Information ▸
....
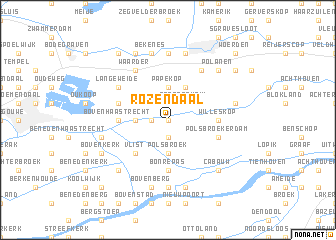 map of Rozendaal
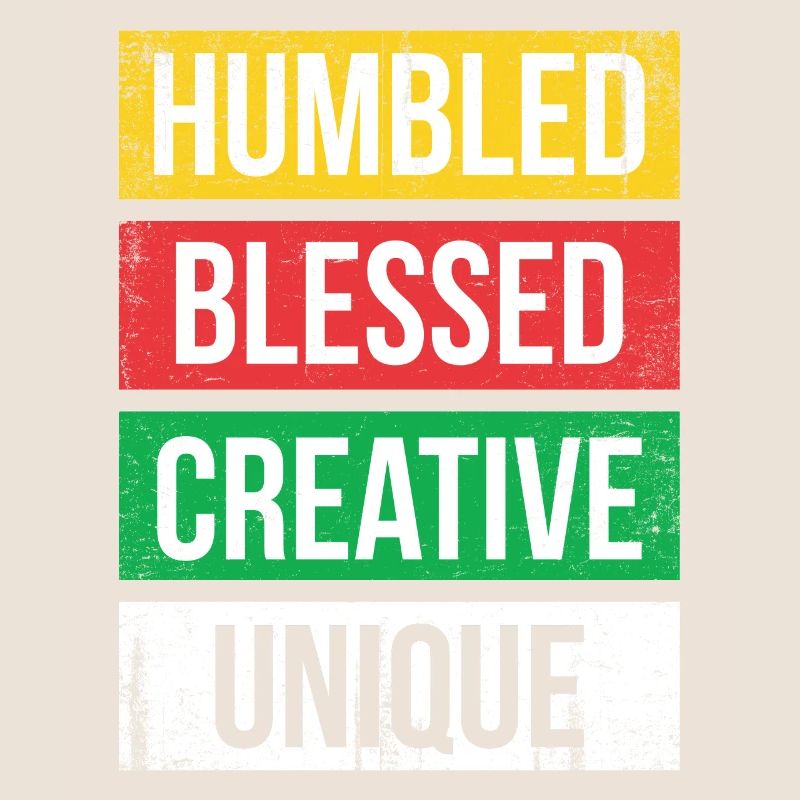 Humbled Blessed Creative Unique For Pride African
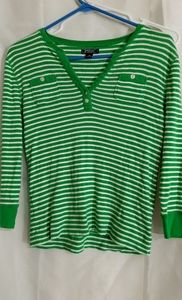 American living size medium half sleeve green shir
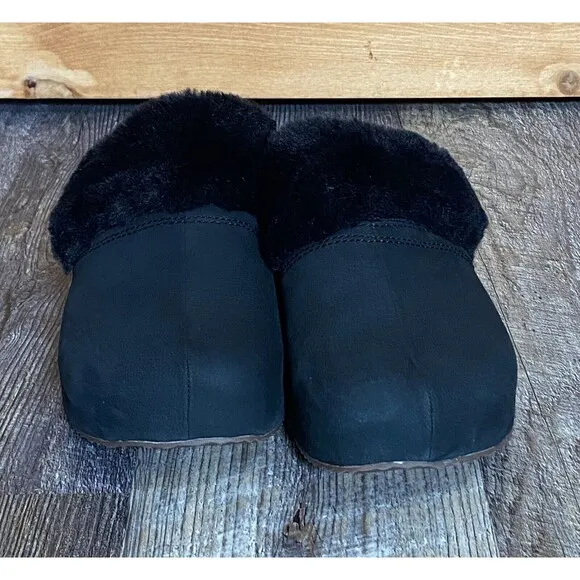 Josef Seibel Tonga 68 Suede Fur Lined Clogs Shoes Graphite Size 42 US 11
....
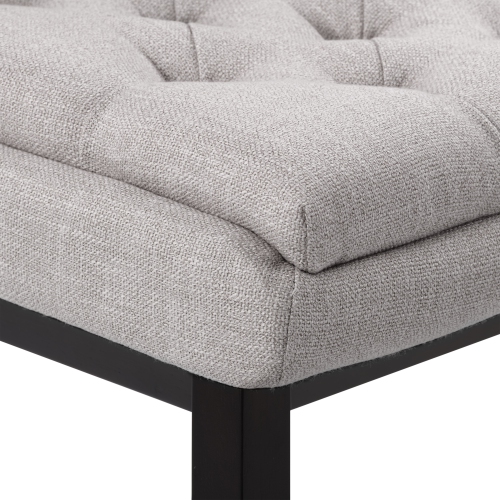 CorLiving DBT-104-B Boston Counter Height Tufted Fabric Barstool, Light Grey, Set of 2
....
Your instructions ▸ Set the pictures aside and transcribe exactly the stretch of lines above, beginning with the one holding "Humbled Blessed Creative" and ending with the one holding "Josef Seibel Tonga".

Response area ▸
 Humbled Blessed Creative Unique For Pride African
 American living size medium half sleeve green shir
 Josef Seibel Tonga 68 Suede Fur Lined Clogs Shoes Graphite Size 42 US 11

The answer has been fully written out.